The Tekpi[1] is a three-pronged truncheon from Southeast Asia. Known as tekpi in Malay, it is called cabang (Dutch spelling: tjabang, meaning "branch") in Indonesian,[2] siang té pi (雙短鞭, meaning "double short whip") in Hokkien dialect and trisoon (meaning "trident") in Thai.

The tekpi is believed to have been derived from the Indian trishula. More than a weapon, it was also important as a Hindu-Buddhist symbol. Use of the tekpi probably spread with the influence of Indian religion and eventually reached Malaysia, Indonesia, Okinawa, China, Thailand, and other parts of Indochina. It is unknown whether the tekpi was brought to the Malay Archipelago directly from India or from several places simultaneously. The earliest evidence of the tekpi outside India suggests that it spread from Indonesia.[3] Other sources propose that the tekpi was brought to Southeast Asia from China,[4] but it seems unlikely for the Chinese to introduce an Indian weapon to a region already heavily influenced by the culture of India.


A Tekpi / Tjabang
A side view of the Tekpi/Tjabang's pommel
A front view of the Tekpi/Tjabang's pommel

The tekpi is made of iron or steel, the basic form of the weapon is that of a pointed, dagger-shaped metal truncheon, with two curved prongs projecting from the handle. The prongs extend from the hilt and are useful for grabbing away an opponent's weapon.

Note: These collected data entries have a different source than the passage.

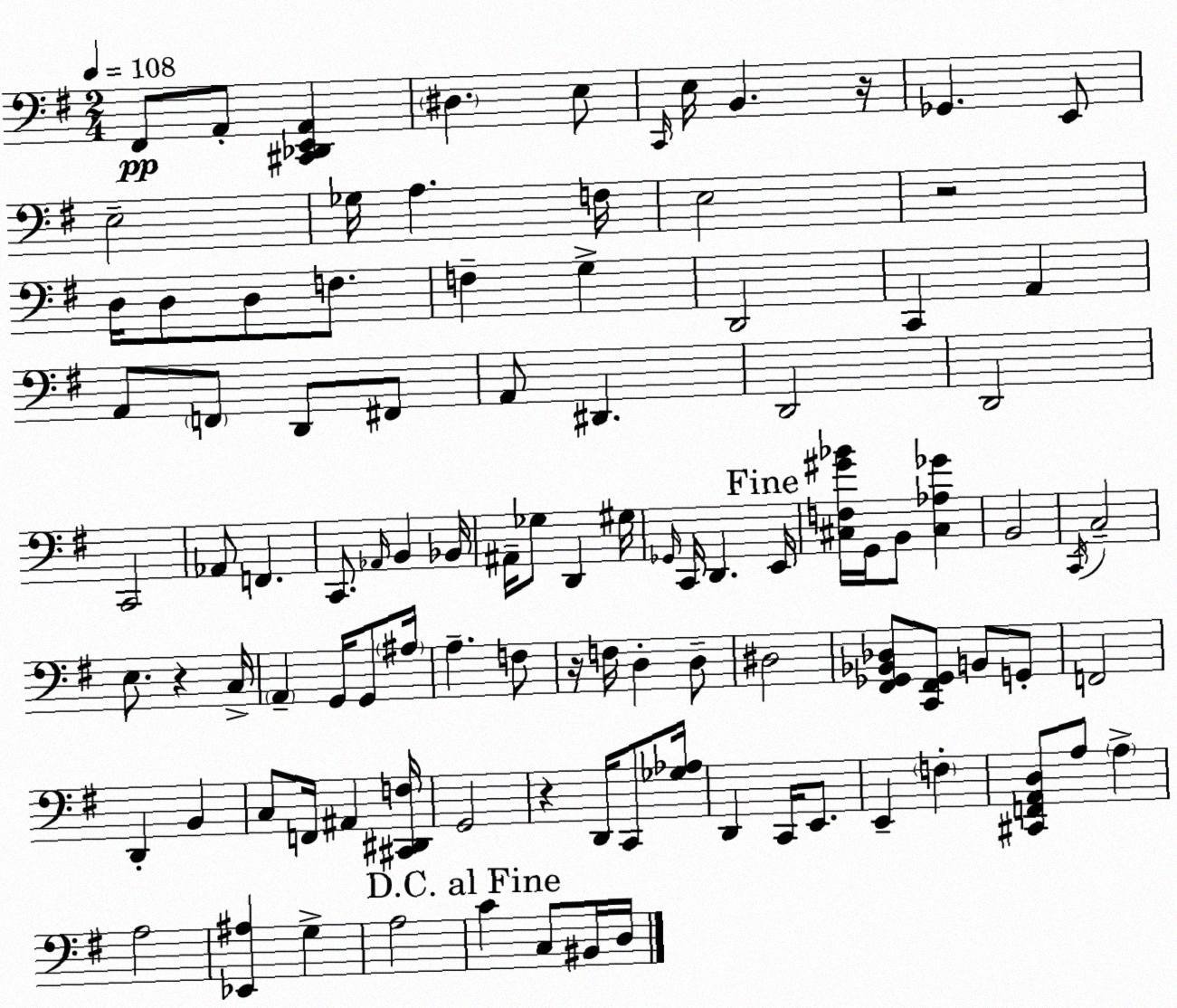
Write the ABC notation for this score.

X:1
T:Untitled
M:2/4
L:1/4
K:G
^F,,/2 A,,/2 [^C,,_D,,E,,A,,] ^D, E,/2 C,,/4 E,/4 B,, z/4 _G,, E,,/2 E,2 _G,/4 A, F,/4 E,2 z2 D,/4 D,/2 D,/2 F,/2 F, G, D,,2 C,, A,, A,,/2 F,,/2 D,,/2 ^F,,/2 A,,/2 ^D,, D,,2 D,,2 C,,2 _A,,/2 F,, C,,/2 _A,,/4 B,, _B,,/4 ^A,,/4 _G,/2 D,, ^G,/4 _G,,/4 C,,/4 D,, E,,/4 [^C,F,^G_B]/4 G,,/4 B,,/2 [^C,_A,_G] B,,2 C,,/4 C,2 E,/2 z C,/4 A,, G,,/4 G,,/2 ^A,/4 A, F,/2 z/4 F,/4 D, D,/2 ^D,2 [^F,,_G,,_B,,_D,]/2 [C,,^F,,_G,,]/2 B,,/2 G,,/2 F,,2 D,, B,, C,/2 F,,/4 ^A,, [^C,,^D,,F,]/4 G,,2 z D,,/4 C,,/2 [_G,_A,]/4 D,, C,,/4 E,,/2 E,, F, [^C,,F,,A,,D,]/2 A,/2 A, A,2 [_E,,^A,] G, A,2 C C,/2 ^B,,/4 D,/4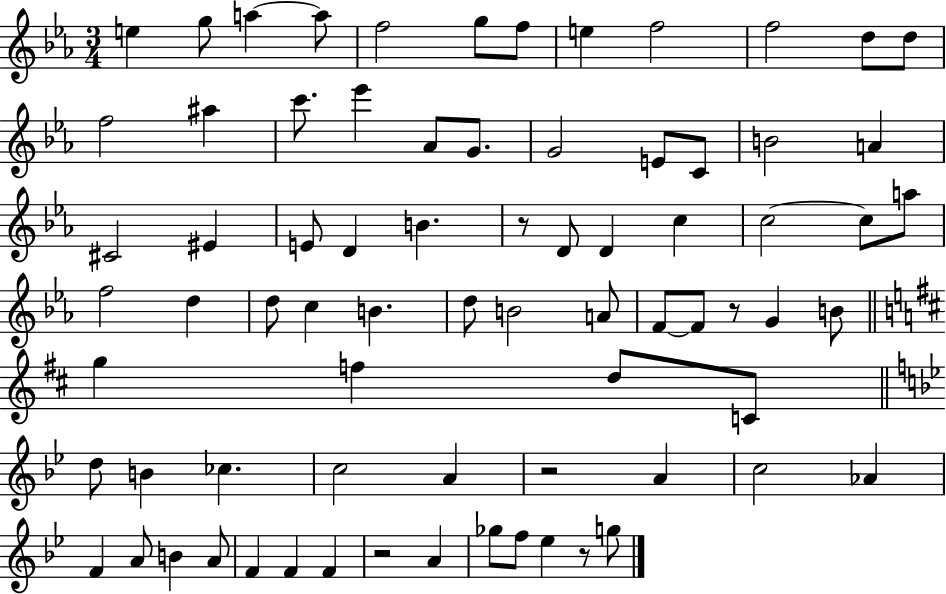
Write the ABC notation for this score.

X:1
T:Untitled
M:3/4
L:1/4
K:Eb
e g/2 a a/2 f2 g/2 f/2 e f2 f2 d/2 d/2 f2 ^a c'/2 _e' _A/2 G/2 G2 E/2 C/2 B2 A ^C2 ^E E/2 D B z/2 D/2 D c c2 c/2 a/2 f2 d d/2 c B d/2 B2 A/2 F/2 F/2 z/2 G B/2 g f d/2 C/2 d/2 B _c c2 A z2 A c2 _A F A/2 B A/2 F F F z2 A _g/2 f/2 _e z/2 g/2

Tekpi are generally wielded in pairs, favouring short, quick stabbing movements similar to a knife or a kris. Defensively, the tekpi is effective for guarding against bladed weapons. The outer prongs are meant for catching the opponent's weapon, allowing for a disarm or deflection of the attack. When rotated so that the blade is pointing towards the user's elbow, the hilt could be used in a thrusting blow while the blade blocks attacks to the forearm. When not in use, the tekpi are hung at the waist.